I’m happy to announce that the paper score for my violin duo Through Closed Doors, notated on an antique door, is now available for purchase from my publisher Oxingale Music. The work was commissioned and premiered by Ilana Waniuk and Suhashini Arulanandam in the winter of 2014. The duo was inspired by an antique door which had been attacked by a teenager girl in a fit of passion, resulting in a jagged hole. I structured the piece around the door’s different panels, creating a kind of choreography for the two performers who move around the door as they play. The notation drew on medieval illuminated manuscripts and incorporates dynamics, accents and bow pressure right into the staff lines for a more intuitive performance. Since the door is rather large and expensive to transport (though it does have a travel case if anyone is interested in renting it), I also made a paper score, which is now available for purchase here.

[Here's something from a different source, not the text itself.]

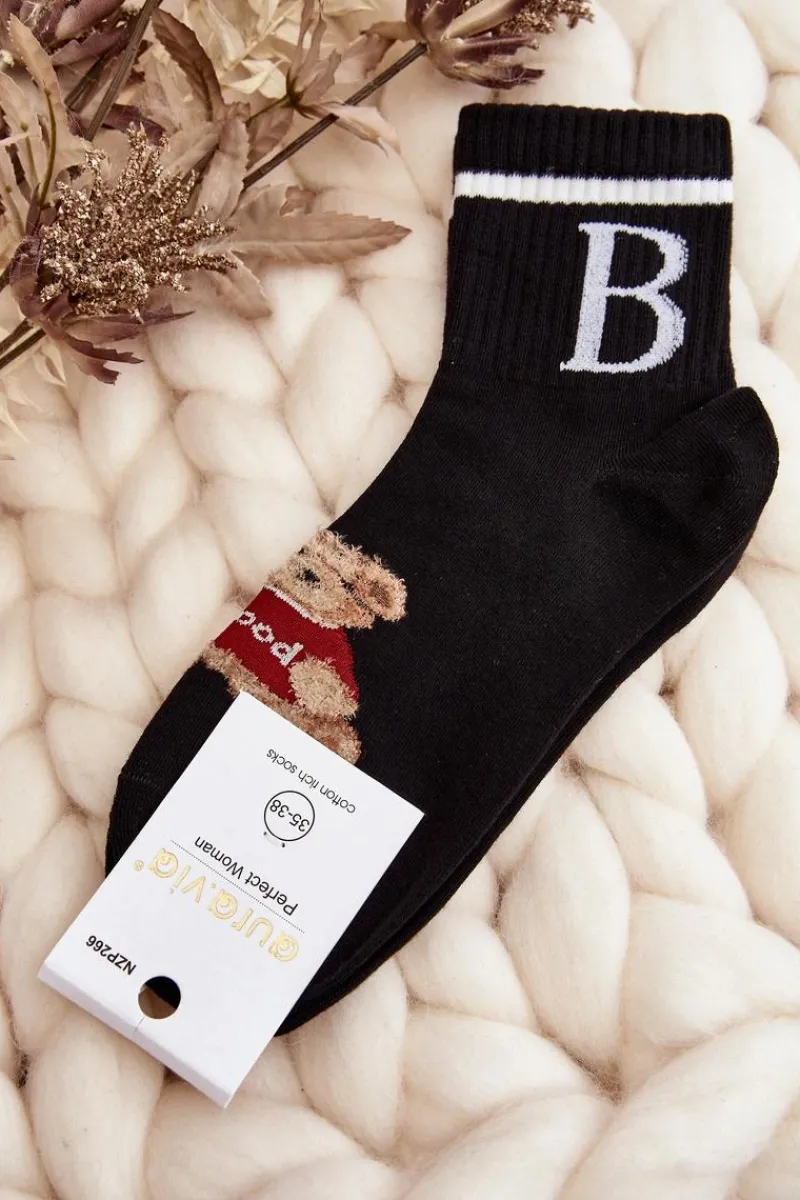 Aura.via Damskie Skarpety Z Misiem Czarne - Wzór 2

The premiere of the work from a draft paper score drawn with pencil happened in February 2014, right during the most difficult days of the Maidan protests in Ukraine, which ousted the pro-russian president Yanukovych, a corrupt criminal who was trying to bring Ukraine back into russia’s sphere of influence. I watched livestreams of tires burning in the centre of Kyiv, the people fearlessly resisting a regime rapidly growing increasingly oppressive, as we rehearsed the work. I cannot think of this piece separately from these protests, especially now, knowing the chain of events that eventually forced Ukraine to defend itself yet again against russia’s imperialist aggression.

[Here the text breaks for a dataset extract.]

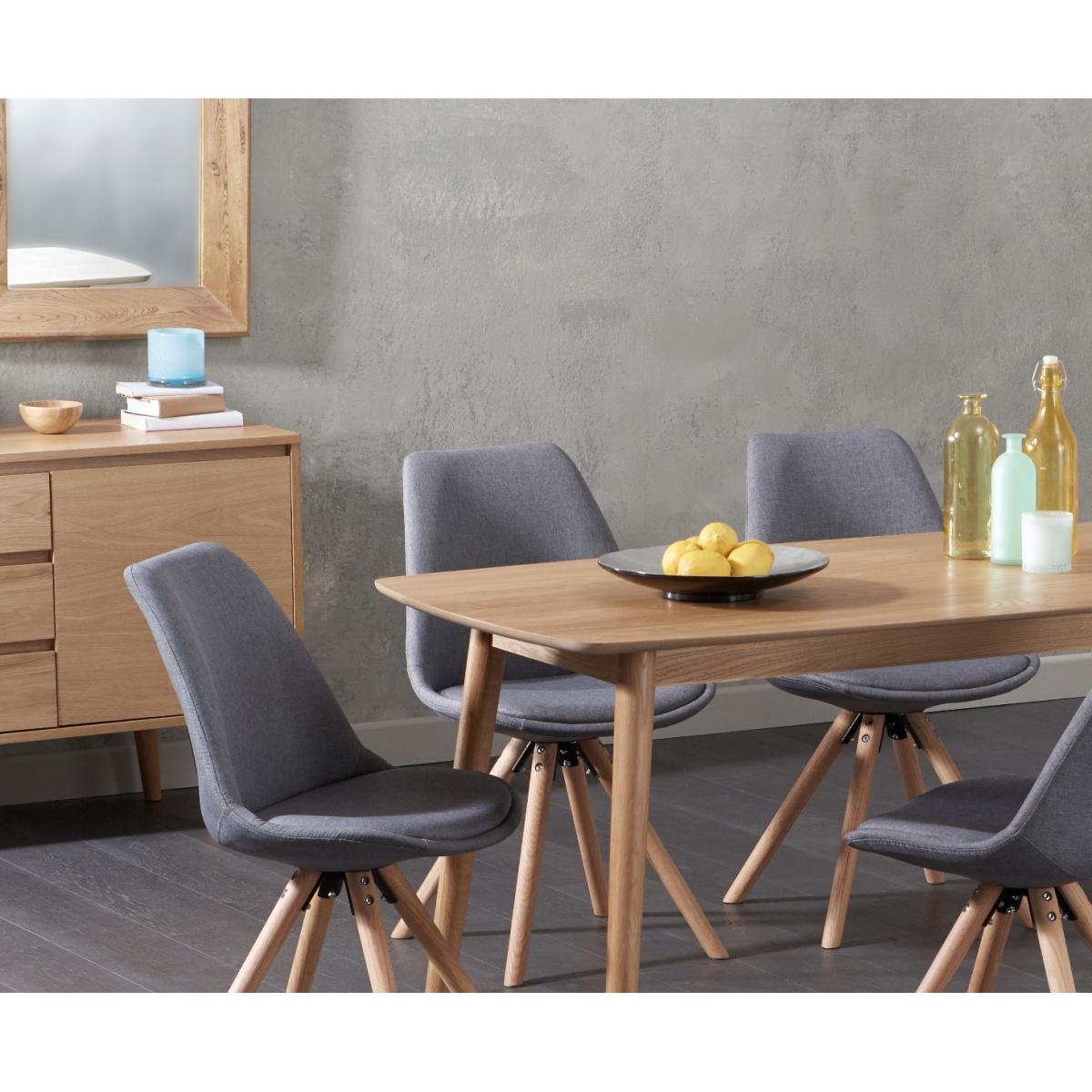Nordic 150cm Oak Dining Table with Oscar Fabric Round Leg Chairs – image 2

“Weeping for a dead love” score now published

My publisher, Oxingale Music, just released the newly revised and renotated score for the first piece I ever wrote for myself to sing. Weeping for a dead love, for low female voice and percussion quartet, draws on Ukraine’s lamentation tradition, known as gholosinnia, to mourn the dissolution of a romantic relationship. I wrote it for myself and my own semi-folk singing style, not imagining that another singer would take on this rather peculiar work. But not only did another singer take it on, she was a classically trained singer, which I didn’t expect at all. Svitlana Melnyk, a mezzo-soprano who fled from Kharkiv at the start of russia’s full-scale invasion of Ukraine, gave multiple performances of this work in Italy with the students of Istituto Superiore di Studi Musicali di Reggio Emilia in the summer of 2022, connecting to it in a way that was very special to me. She demonstrated that the piece works for a more classically sounding voice and that it is very emotionally relevant to the current moment. So I decided to make it available to others. The score is available for purchase here.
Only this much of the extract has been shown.